-------- Provided material

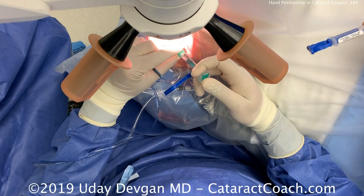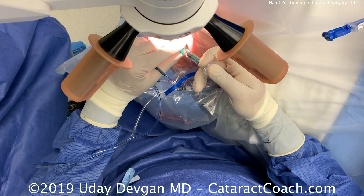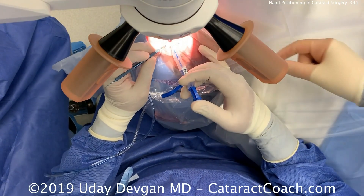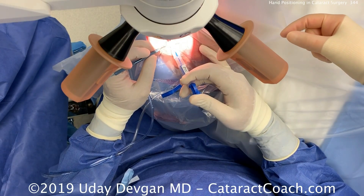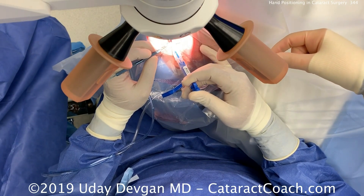Here's a nice overhead view. Look how amazing this scrub tech is — the lens on the right side of the screen is already loaded and handed to me in the correct orientation. The caps are back with this glass, the lens is already correctly oriented for me, and look at her hand ready to grab the injector as soon as I'm done. What an amazing assistant — I am so fortunate.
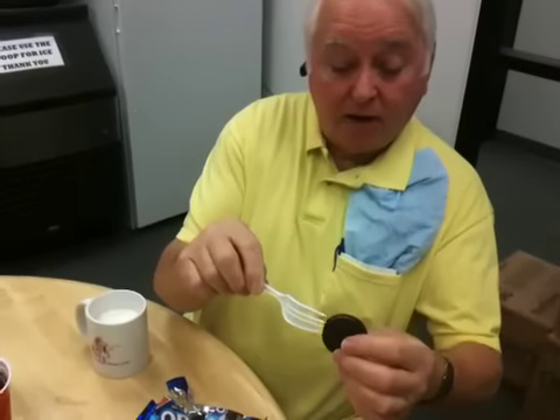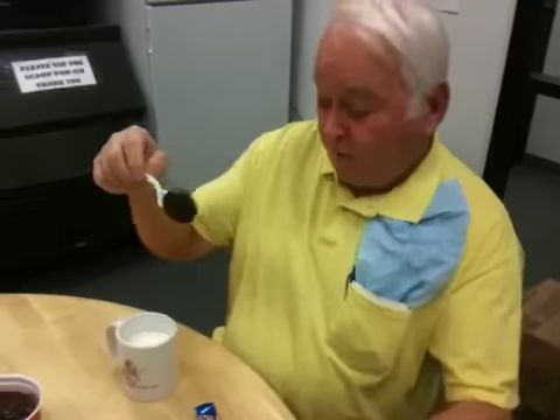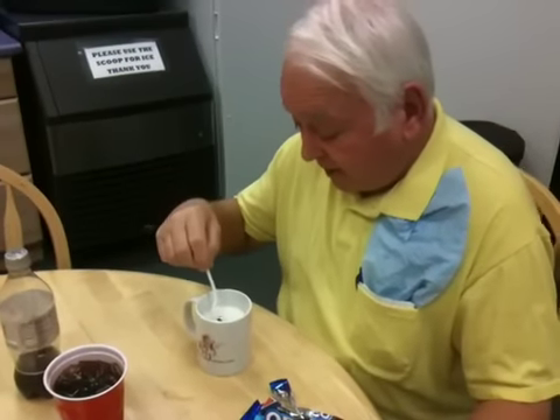The proper way to eat Oreo cookies without getting your fingers wet. Insert a fork into an Oreo, then insert the cookie into the milk.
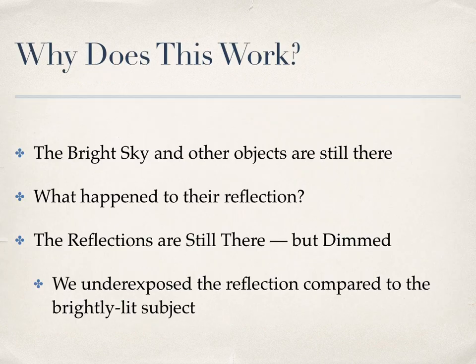You might wonder how the flash gets rid of the reflections. It doesn't really — the reflections are still there, but now they are so dim you can't really notice them.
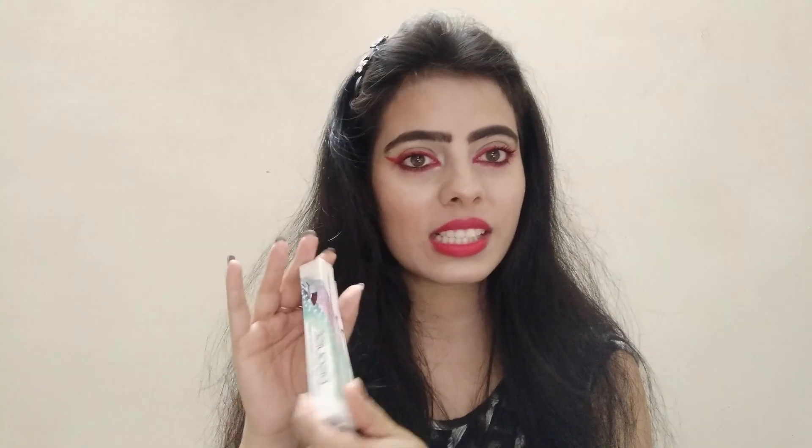I want to be a little creative and show you the Excited Coral shade. For this look I'm going to wear just this lipstick alone and see how it works. And now we are done with the eye makeup too — that's how the full look turns out.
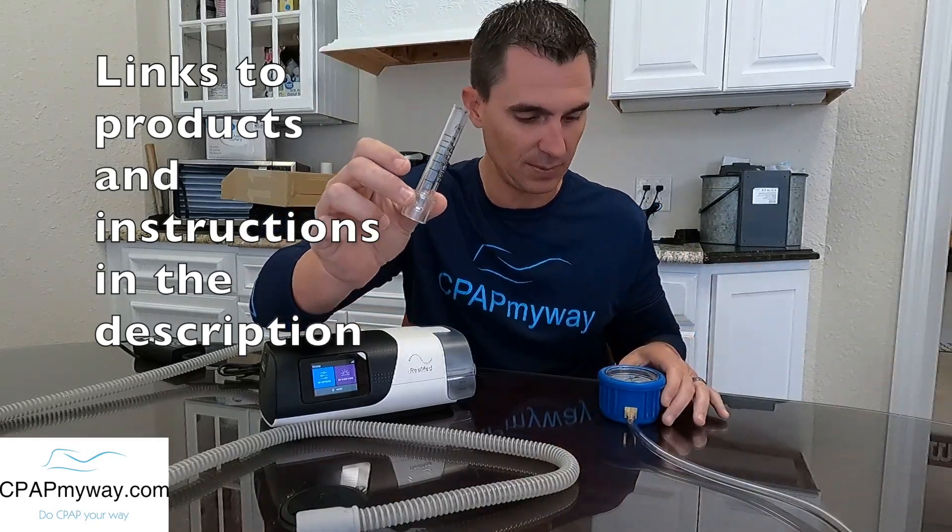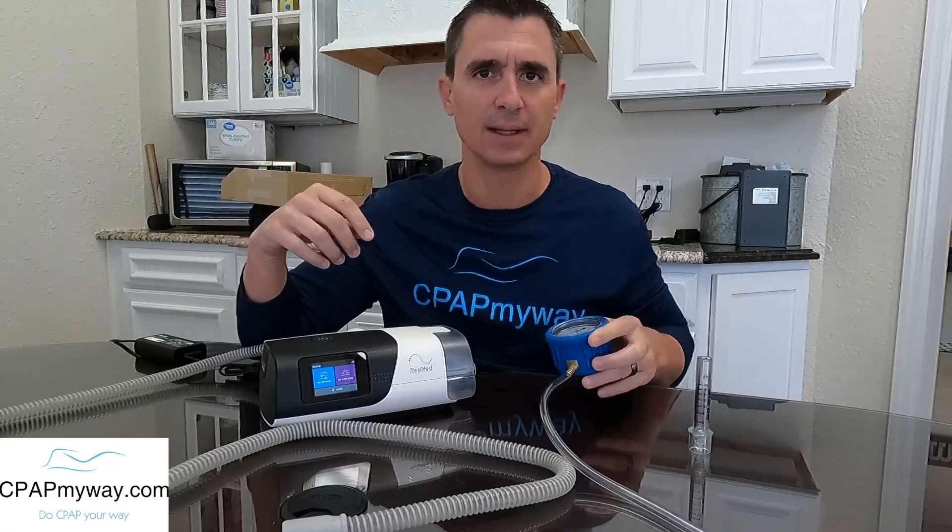The CPAP pressure is measured in centimeters of water pressure displaced. There are old-school tubes that have water in them — as you blow pressure in, it pushes the water up in the gauge. These days there's a much easier way: we have this little home-use manometer and a more professional manometer that we use here.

----------------

## Brief
Please restate the whole listing exactly, without any of its pictures.

## Final answer
Here's a nice overhead view. Look how amazing this scrub tech is — the lens on the right side of the screen is already loaded and handed to me in the correct orientation. The caps are back with this glass, the lens is already correctly oriented for me, and look at her hand ready to grab the injector as soon as I'm done. What an amazing assistant — I am so fortunate.
The proper way to eat Oreo cookies without getting your fingers wet. Insert a fork into an Oreo, then insert the cookie into the milk.
You might wonder how the flash gets rid of the reflections. It doesn't really — the reflections are still there, but now they are so dim you can't really notice them.
I want to be a little creative and show you the Excited Coral shade. For this look I'm going to wear just this lipstick alone and see how it works. And now we are done with the eye makeup too — that's how the full look turns out.
The CPAP pressure is measured in centimeters of water pressure displaced. There are old-school tubes that have water in them — as you blow pressure in, it pushes the water up in the gauge. These days there's a much easier way: we have this little home-use manometer and a more professional manometer that we use here.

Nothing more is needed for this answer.